- Required work: The answer is to be an exact copy of the lines below running from the line with "Aircraft Photo of" down to the line with "6 Duffy Avenue, Gregory Hills NSW 2557", both ends included, and nothing more.

━━ Provided data ━━

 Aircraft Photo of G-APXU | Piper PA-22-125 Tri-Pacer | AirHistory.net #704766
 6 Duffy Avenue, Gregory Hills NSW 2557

━━━
━━ Provided data ━━

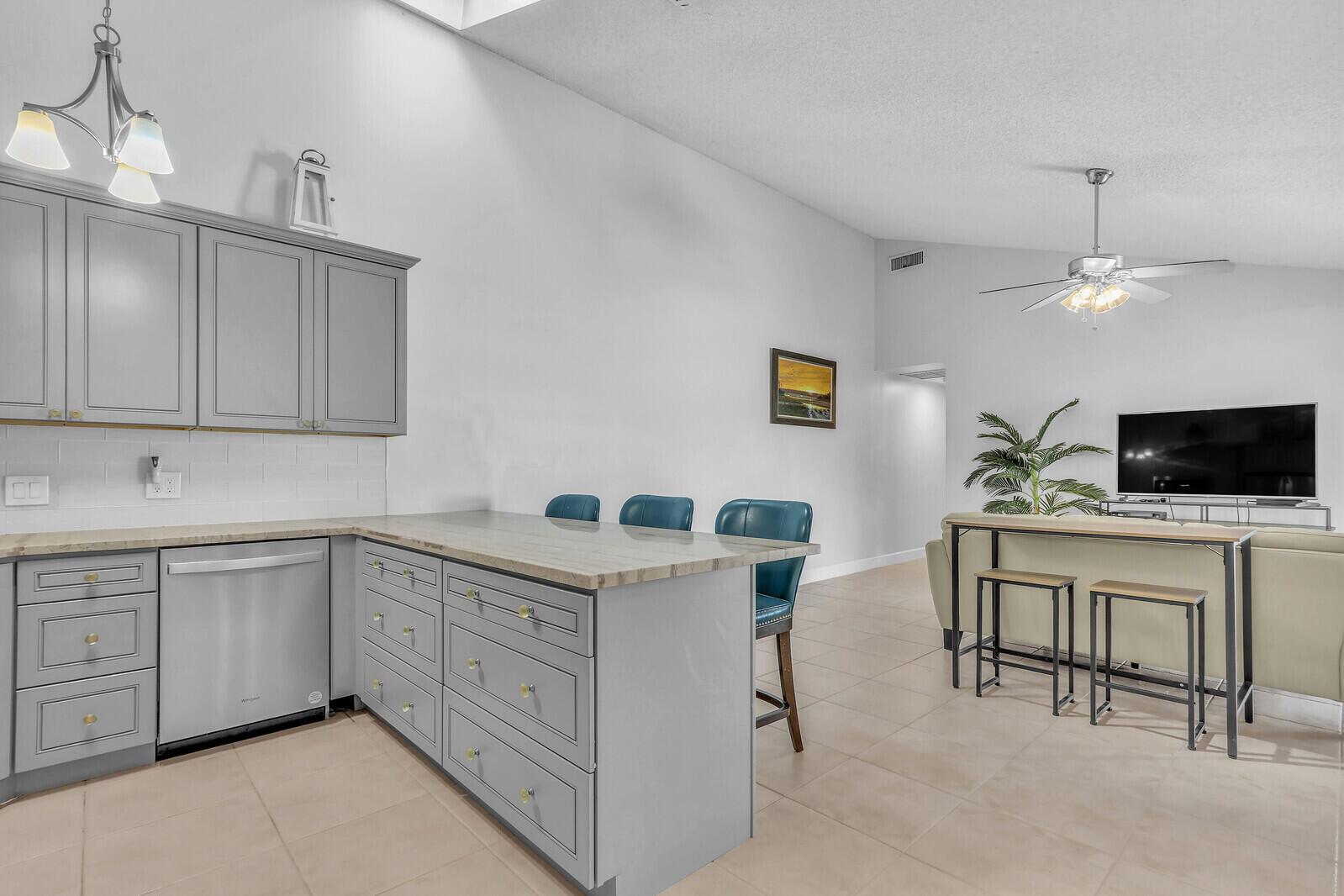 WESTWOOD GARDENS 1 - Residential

━━━
━━ Provided data ━━

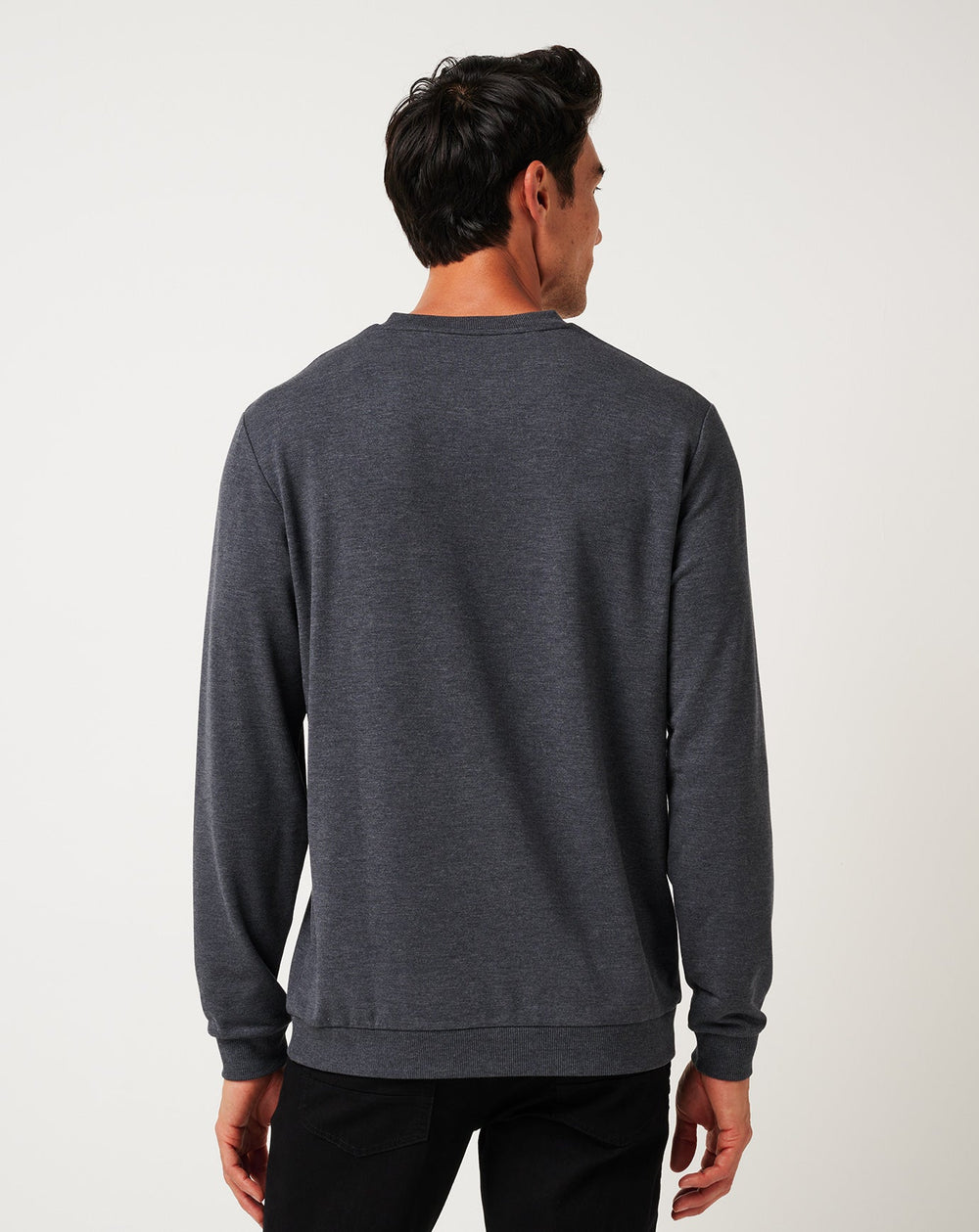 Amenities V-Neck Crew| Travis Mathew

━━━

- Exercise response:
 Aircraft Photo of G-APXU | Piper PA-22-125 Tri-Pacer | AirHistory.net #704766
 6 Duffy Avenue, Gregory Hills NSW 2557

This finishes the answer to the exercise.